A Matter of Perspective

Switching things up in the South Pacific

A map used to help teach English language skills on the island of Malekula in Vanuatu.

One criticism often leveled at the standard maps of the 20th century is that they represent a Eurocentric view of the world. The maps we see hanging in countless classrooms and depicted on globes aren’t necessarily to scale. Commercial maps often depict an outsize Europe and a shrunken Africa, and place Asia and the Pacific Ocean on the periphery. Intentionally or not, such depictions carry with them ingrained ideas and ideologies about the geography of the world and where countries and people belong in it.

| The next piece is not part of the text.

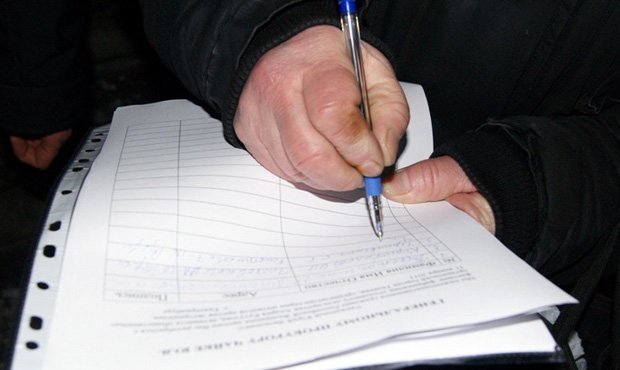 В Бийске работников госпредприятий и студентов организованно свозили в пункты сбора подписей за Путина  
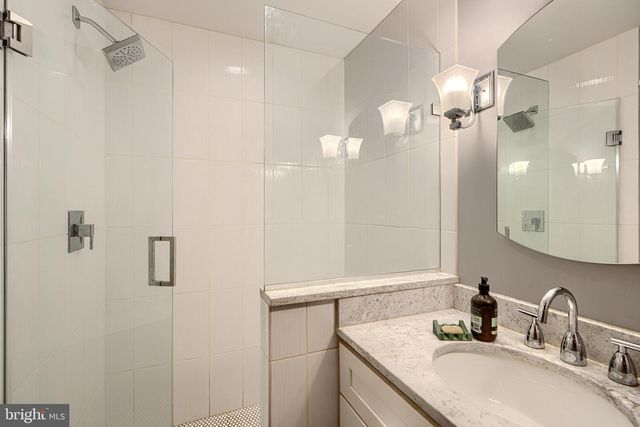 723 S POTOMAC ST, Baltimore, MD 21224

The small multi-island nation of Vanuatu in the South Pacific has been home to Peace Corps Volunteers since 1990. When Nicole Bennett (Vanuatu 2015–17) decided to pursue the ubiquitous World Map Project as part of her Peace Corps service there, she started by addressing a glaring problem—Vanuatu didn’t appear on the map at all. So instead of using the longtime template developed by Peace Corps Volunteers and painted on walls in scores of countries, she decided to work with her students to create another map, one that put their own country smack in the middle. “I realized that the kids didn’t have access to a lot of visual information about Malekula (our island), Vanuatu, or the globe. Knowledge is power, and it is so important to understand where you are situated,” Bennett says. “Painting the island map was the most fun because as we started marking the names of different places, the kids would talk about their travels to see families in different villages. Having the local and contextual maps helps to bridge villages and build community.”

Today, Bennett is pursuing a doctorate in geography and has thought a lot about the way maps propagate systemic biases, often leaving certain people and places behind and presenting a distorted view of the world as it really is.

“When you switch things up, as we did, and place the Pacific in the center, you can see how vast the Pacific Ocean is. You appreciate more how much strength and wisdom it must have taken to cross the Pacific to populate the islands. This amazing feat is a part of this community’s heritage, and they should be proud of that. It also places Vanuatu near the center of the map, which is different because many commercially generated maps don’t include Vanuatu on them at all.”

In a world where information is increasingly presented in visual format, Bennett also saw value in using maps to teach other subjects, particularly languages local to Vanuatu, like Bislama.

“As an English Volunteer, I ran small literacy groups of five to six children out of the second-grade classroom. We worked on reading and speaking English out loud. I noticed that the kids had trouble visualizing the letters and sounds. I think this stemmed from Bislama and the many other local languages coming from an oral tradition instead of a written one,” she says. “The idea behind the alphabet map was to help the students visualize the sounds they were speaking. If you look closely, you can see that we begin with the capital and lowercase letters that students traditionally see in school. We then painted a picture underneath, showcasing an object the kids would have seen in their surroundings. We then wrote the English word below the image, and then under that, we wrote the Bislama word. This helped the kids associate the sounds made with their mouths with a visual letter.”

The idea was to continue using maps to teach other subjects, but Bennett ran out of time—and space. “Other maps we considered were shapes, or numbers for math,” she says. “I would have loved to do a regional map showing other Pacific islands in geographic relation to Vanuatu, but we only had so much wall space.”